The House Judiciary Committee today held the first hearing on the Equal Rights Amendment in 36 years. The ERA affirms that, “Women shall have equal rights in the United States and every place subject to its jurisdiction. Equality of rights under the law shall not be denied or abridged by the United States or by any State on account of sex.” If the ERA passes, the word “women” would appear in the Constitution for the first time in history.
During today’s hearing, the Committee specifically heard from witnesses — professors, actresses, and legislators —on whether Congress should lift the already passed expiration date to ratify the amendment, as outlined in H.J.Res.38. If passed, this legislation could lead to the successful end of the ERA’s 100-year journey. The amendment was first proposed in 1923 and re-written in 1943 by Alice Paul. Congress passed Paul’s version by the required two-thirds majority in 1972. However, only 35 states ratified the legislation by the extended 1982 deadline — falling three states short of what the Constitution requires.
Actress Patricia Arquette, who referenced the ERA in her 2015 Oscars’ acceptance speech, expressed an historical impatience for the passage of the ERA. “Women have been waiting 232 years for equality in this nation,” she said during her witness testimony.
A multigenerational crowd overflowed the hearing room, dressed largely in all white as a nod to the Suffragettes’ role in this long fight for gender equality. Their audible enthusiasm seemed to affirm Rep. Carolyn Maloney’s (D-N.Y.) suspicion that “the drumbeat of the Equal Rights Amendment has never been louder.”
In 2017, Nevada became the first state to ratify the ERA after its deadline. At the time, state senator Pat Spearman (D-Nev.) argued that the deadline was “irrelevant,” insisting that if the deadline had already shifted once — from 1979 to 1982 — what was stopping Congress from extending the timeline once more?
Those in opposition to the ERA expressed fear that the Equal Rights Amendment would both fortify and extend abortion rights, though the author of the legislation disputed this statement as divisive and distracting. Rep. Louie Gohmert (R-Texas) warned that the ERA might extend protections to transgender individuals, while other witnesses voiced excitement about this possibility.
Sen. Spearman, an ordained pastor who invoked scripture during her witness testimony, responded passionately to opposition against the ERA:
“I’d find it laughable if it weren’t so tragic: People who are born in privilege always debate whether those who were not deserve equality. What we are talking about here is the fact that equality is not debatable. We are born with it.”
While Spearman’s faith helps motivate her support of the ERA, Christians have historically played a key role in thwarting its ratification. In the ‘70s and early ‘80s, Phyllis Schlafly, a conservative Christian activist, emerged as the ERA’s most formidable opponent, spreading fear that it would encourage abortion, LGBTQ rights, and women in the military. She once referred to feminists as “a bunch of bitter women seeking a constitutional cure for their personal problems.”

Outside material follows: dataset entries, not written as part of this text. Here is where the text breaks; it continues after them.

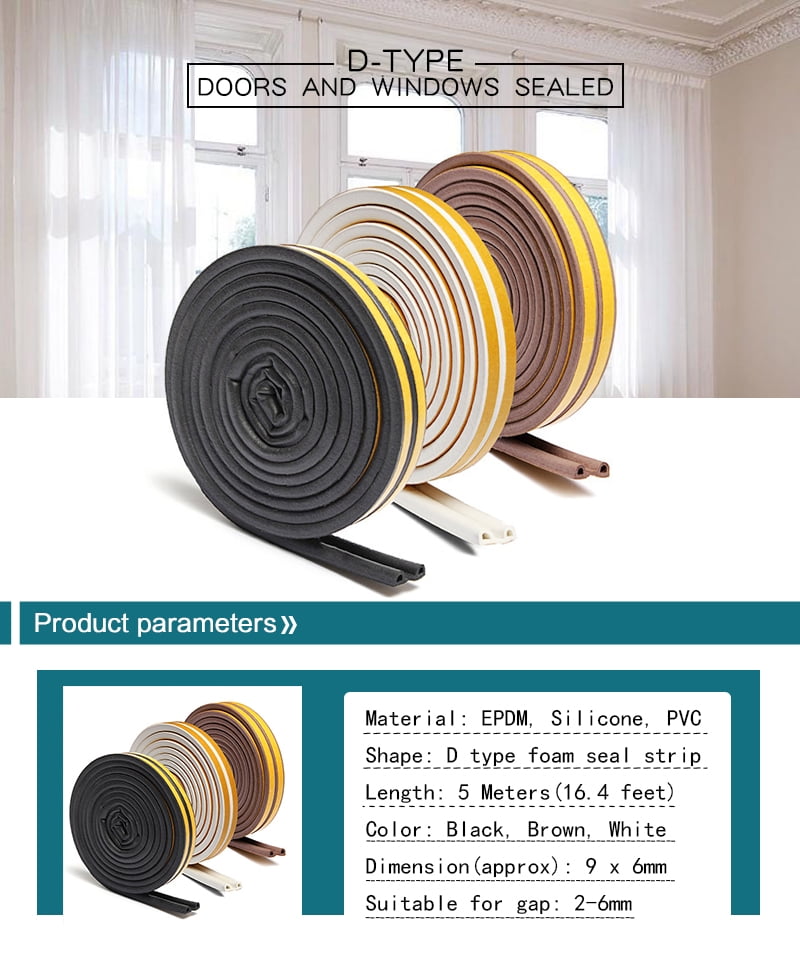 kengbi Multi Function and Durable Easy to Use Cut 5M D Type Sealing Strip Self Adhesive Seal Strips Foam Draught Excluder Self Adhesive Window Door Seal Strip Hardware Tools kengbi Multi Function and Durable Easy to Use Cut 5M D Type Sealing Strip Self Adhesive Seal Strips Foam Draught Excluder Self Adhesive Window Door Seal Strip Hardware Tools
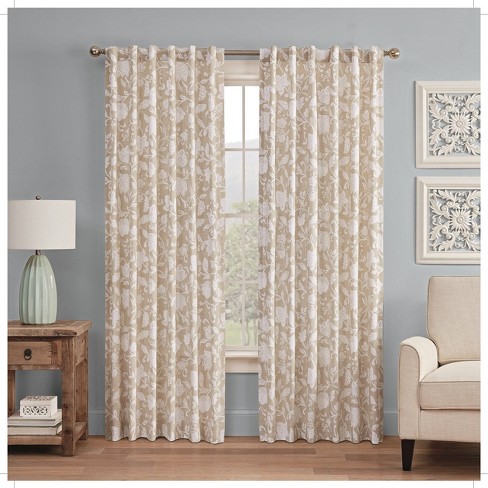 63 X52 Stencil Vine Light Filtering Window Curtain Beige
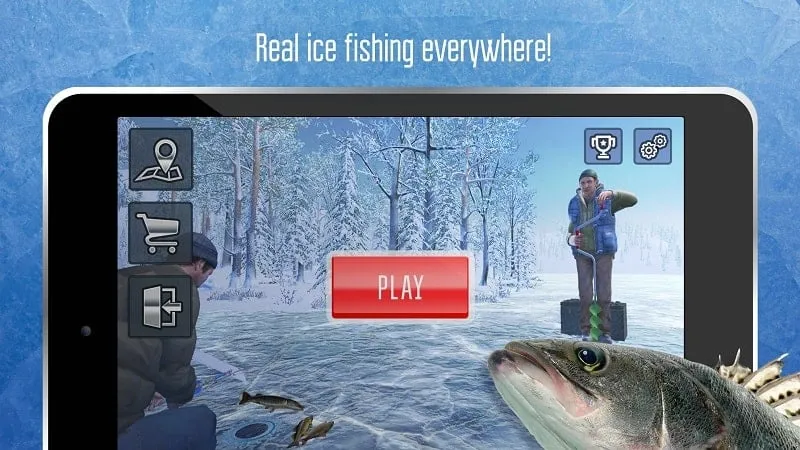 Variety of equipment for ice fishing.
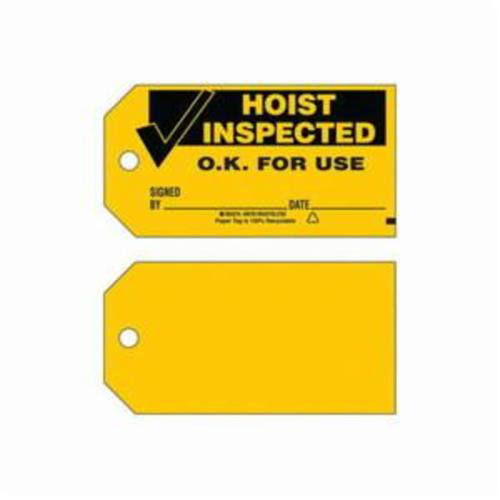 "Hoist Inspected" Tags, Paper, 5-3/4" W x 3" H, English - Brady 86762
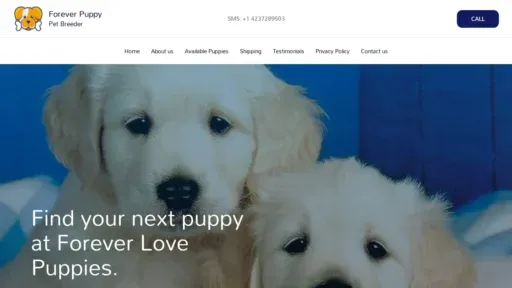 A screenshot of Forever-pups.com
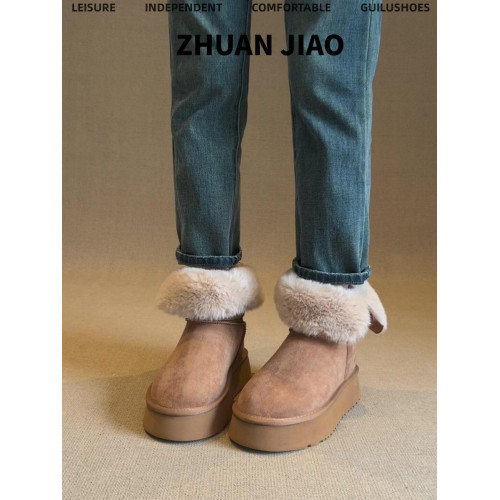 厚底雪地靴女2025冬季新款圓頭百搭加絨加厚兩穿繙毛短筒雪地棉鞋 厚底雪地靴女2025冬季新款圓頭百搭加絨加厚兩穿繙毛短筒雪地棉鞋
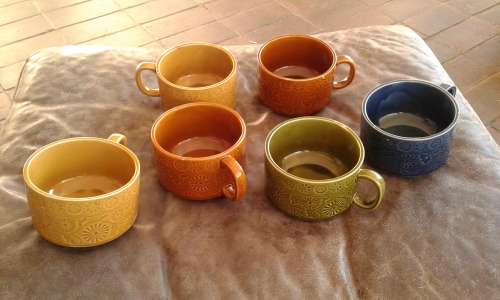 6 Large Mid Century Modern Handcrafted Japanese Stoneware Soup Cups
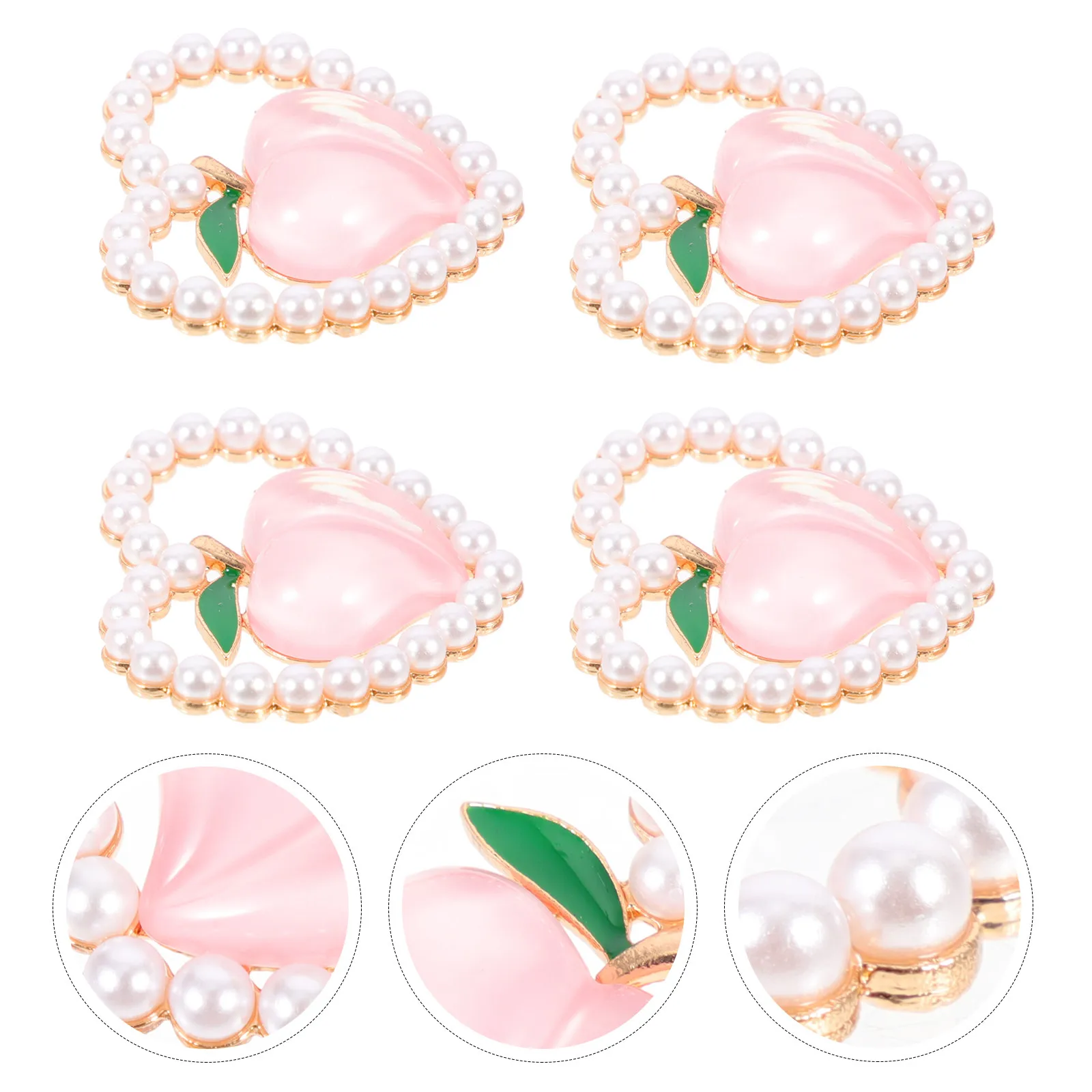 

4Pcs Peach Heart Rhinestone DIY Jewelry Making Materials Phone Case Decor Craft Supplies Handmade Accessories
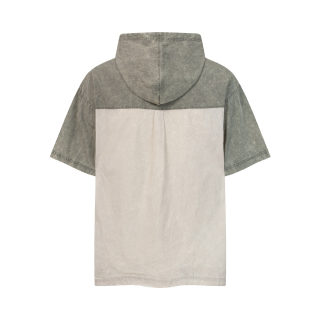 Vintage Color Block Hooded Short Sleeve Top 2
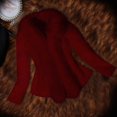 thumbnail image 2 of Women's Slim Fit Faux Fur Coat, Casual Fashion Solid Color Outerwear, Stylish Daily Jacket, Burgundy, XL, 2 of 5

What Schlafly characterized as personal problems, Arquette identifies as systemic problems that need a structural — and constitutional — solution. She compared the fight for gender equality in the U.S. to a high stakes game of Whac-A-Mole: Just as we stomp down one gender injustice, say shackling prisoners during childbirth, another gender injustice emerges: a back log of hundreds of thousands of rape kits, for instance. A constitutional amendment supporting gender equality, argued several of the witnesses, would give both federal and state governments the power to holistically rectify these patterns of discrimination.
With today’s hearing, the ERA has gained momentum on its pathway to implementation, though the road ahead is still unclear. If the House votes in favor of extending the deadline, the Senate would have to follow suit. And if H.J.Res.38 makes it through Congress, the Supreme Court would have to uphold a ratification process that required two deadline extensions. This debate extends back to our founding fathers and will likely continue.
In 1776, Abigail Adams wrote to her husband John Adams about his involvement with the Continental Congress: “By the way, in the new code of laws which I suppose it will be necessary for you to make, I desire you would remember the ladies and be more generous and favorable to them than your ancestors.”
Rep. Sylvia Garcia (D-Texas), one of the fist Latinas from Texas ever elected to the House, harkened back to this letter toward the end of the hearing: “Abigail Adams asked them to remember the ladies,” she said. “Obviously they did not, and that’s why we’re here today.”